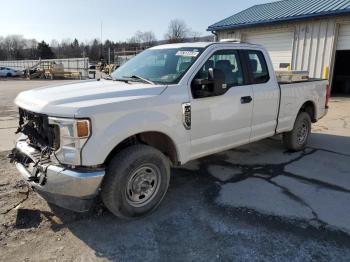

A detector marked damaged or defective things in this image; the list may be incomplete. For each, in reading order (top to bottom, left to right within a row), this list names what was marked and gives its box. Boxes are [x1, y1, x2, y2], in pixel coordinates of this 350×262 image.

damaged front end [9, 107, 104, 212]
crushed front bumper [11, 140, 106, 212]
cracked asphalt [0, 80, 350, 262]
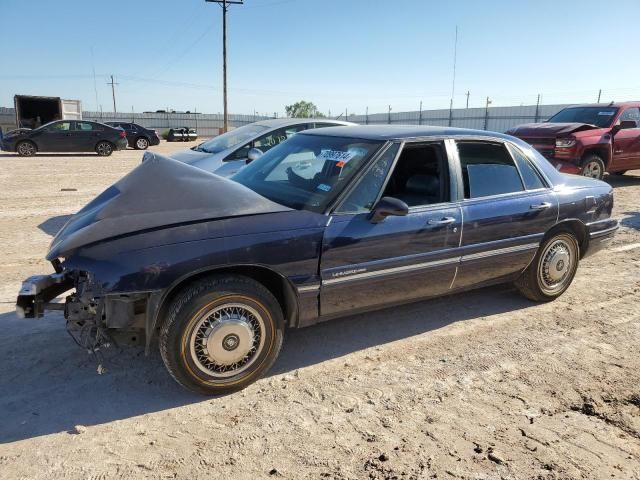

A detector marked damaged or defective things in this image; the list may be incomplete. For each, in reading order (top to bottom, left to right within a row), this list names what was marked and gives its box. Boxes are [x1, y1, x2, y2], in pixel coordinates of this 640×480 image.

crumpled hood [48, 153, 288, 258]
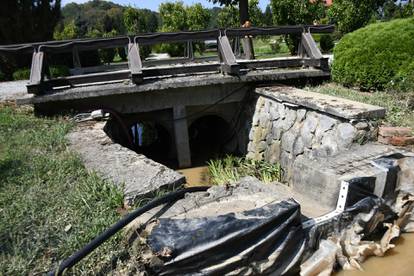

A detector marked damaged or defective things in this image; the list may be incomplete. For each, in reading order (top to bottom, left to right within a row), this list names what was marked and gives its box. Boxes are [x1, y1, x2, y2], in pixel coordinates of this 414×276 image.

damaged railing [0, 25, 334, 96]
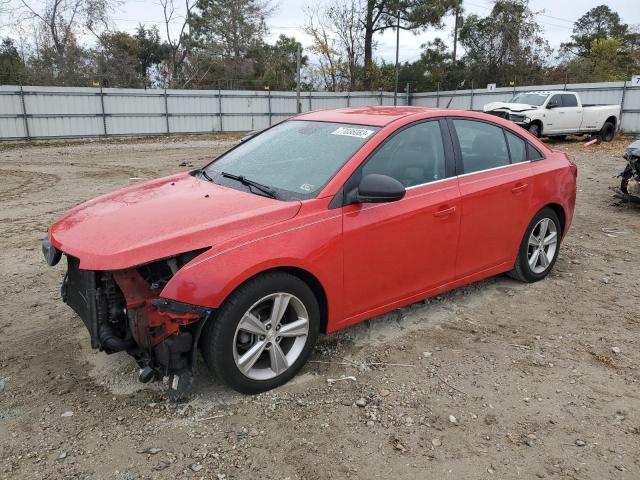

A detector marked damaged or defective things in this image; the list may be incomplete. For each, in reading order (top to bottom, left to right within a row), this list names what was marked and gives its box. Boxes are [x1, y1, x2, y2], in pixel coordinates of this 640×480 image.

damaged front bumper [46, 242, 215, 400]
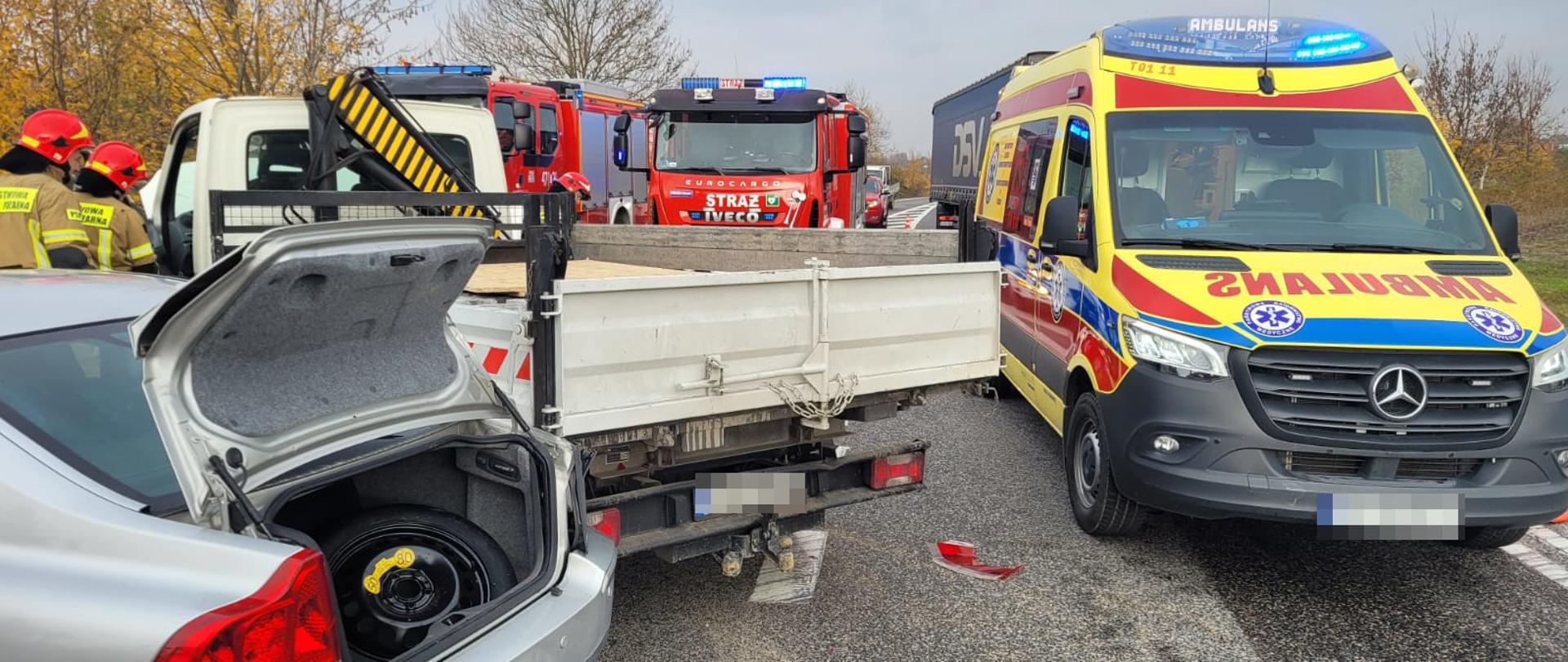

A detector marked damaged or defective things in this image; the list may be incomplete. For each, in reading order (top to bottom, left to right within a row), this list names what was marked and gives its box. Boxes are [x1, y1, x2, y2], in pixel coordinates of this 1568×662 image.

--- --- ---

**Problem statement**: Reprint the listing above verbatim but drop the images.

**Task answer**:
A detector marked damaged or defective things in this image; the list may be incomplete. For each, in reading order (top to bottom, left to right within a row), this list names what was marked and gives its box. Boxes are [x1, y1, x2, y2], in pixel coordinates of this 350×262 image.

damaged front end [9, 107, 104, 212]
crushed front bumper [11, 140, 106, 212]
cracked asphalt [0, 80, 350, 262]

A detector marked damaged or defective things in this image; the list may be incomplete. For each, in reading order (top to bottom, left to right within a row), this list names what was marked and gives its box. Boxes are [x1, y1, x2, y2], in pixel coordinates of this 640×480 image.

crumpled hood [48, 153, 288, 258]

A detector marked damaged or defective things in this image; the list may be incomplete. For each, in reading order (top to bottom, left to right within a row), this list names what was marked and gives its box. Boxes are [x1, y1, x2, y2], in pixel coordinates of this 414×276 image.

damaged railing [0, 25, 334, 96]

A detector marked damaged or defective things in this image; the list may be incomplete. For each, in reading order (top to bottom, left to right within a row), this list names what was marked and gives its box. Boxes are [x1, y1, x2, y2], in pixel coordinates of this 640×480 image.

damaged front bumper [46, 242, 215, 400]

A detector marked damaged or defective things in this image; the list may be incomplete. For each, in reading order (top to bottom, left to right within a row), this list names what was marked and gives its box. Boxes are [x1, y1, x2, y2], in pixel coordinates of this 1568×662 image.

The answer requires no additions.